I recently purchased some seedlings from Spangle Creek Labs and I had 3 of 6 seedlings come up as Albinos! I’ve never seen this in Cyps before. I wish they were variegated so they would have a chance to survive, these are pretty awesome!! Really surprised and grateful to experience them. I wish they had more of a fungal association so they had a better chance since albinos have a low survival rate. Not to mention it’s an Albino Acaule, my chances are low. 

What are all your thoughts? Maybe I’m wrong and they may color up? I’m doubtful as the others are normal. We’ll see how my mix does maybe I’ll be lucky and have a good fungal association.


----------



## monocotman (May 19, 2021)

sorry to have to say this but unless they colour up quickly, they will most likely die,
David


----------



## abax (May 19, 2021)

I think I'll be hopeful. Perhaps they will color up with more light and higher temps...maybe.


----------



## Ray (May 20, 2021)

Considered treating one with Epsom Salts solution as a test? 1 teaspoon per gallon won’t hurt anything.


----------



## GuRu (May 20, 2021)

Ray said:


> Considered treating one with Epsom Salts solution as a test? 1 teaspoon per gallon won’t hurt anything.



and as a side effect it might kill the millipede.


----------



## NYEric (May 20, 2021)

That would be nice if they stay alive.
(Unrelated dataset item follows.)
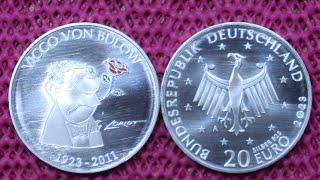 20 Euro Loriot 100. Geburtstag Silbermünze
Good luck.


----------



## Ray (May 20, 2021)

A tiny bit of foliar-applied urea solution is another tack I'd take.


----------



## SEMO-Cypr (May 20, 2021)

Thanks! I checked on them today and still no color. I’ll have to try a pinch of Epson salts and fertilizer. Now why do you suggest urea fertilizer over nitrate? I normally fertilize with MSU, with my tropicals and put a little on my terrestrials and other natives rather than dumping.


----------



## Ray (May 21, 2021)

SEMO-Cypr said:


> Thanks! I checked on them today and still no color. I’ll have to try a pinch of Epson salts and fertilizer. Now why do you suggest urea fertilizer over nitrate? I normally fertilize with MSU, with my tropicals and put a little on my terrestrials and other natives rather than dumping.



Orchids can use nitrate-, ammonium-, and urea forms of nitrogen, but they are taken up differently.

Nitrates and ammonium ions are poorly absorbed through the foliar route, but well absorbed through the roots. By contrast, urea is preferentially absorbed through the leaves, but poorly through the roots. Most lawn and shrubbery “green up” products contain urea for that reason.

Orchids are notoriously poor at foliar uptake - especially those with thick, waxy cuticle layers, like mature paphs and phals - but as the cutex develops over time, newly emerging plants will be better at it.


----------



## SEMO-Cypr (May 21, 2021)

Ray said:


> Orchids can use nitrate-, ammonium-, and urea forms of nitrogen, but they are taken up differently.
> 
> Nitrates and ammonium ions are poorly absorbed through the foliar route, but well absorbed through the roots. By contrast, urea is preferentially absorbed through the leaves, but poorly through the roots. Most lawn and shrubbery “green up” products contain urea for that reason.
> 
> Orchids are notoriously poor at foliar uptake - especially those with thick, waxy cuticle layers, like mature paphs and phals - but as the cutex develops over time, newly emerging plants will be better at it.



Good to know thanks! I have in the past stayed away from foliar applications due to the risk of crown rot. But in the outdoor setting it shouldn’t be much of an issue with all the wind I usually have,


----------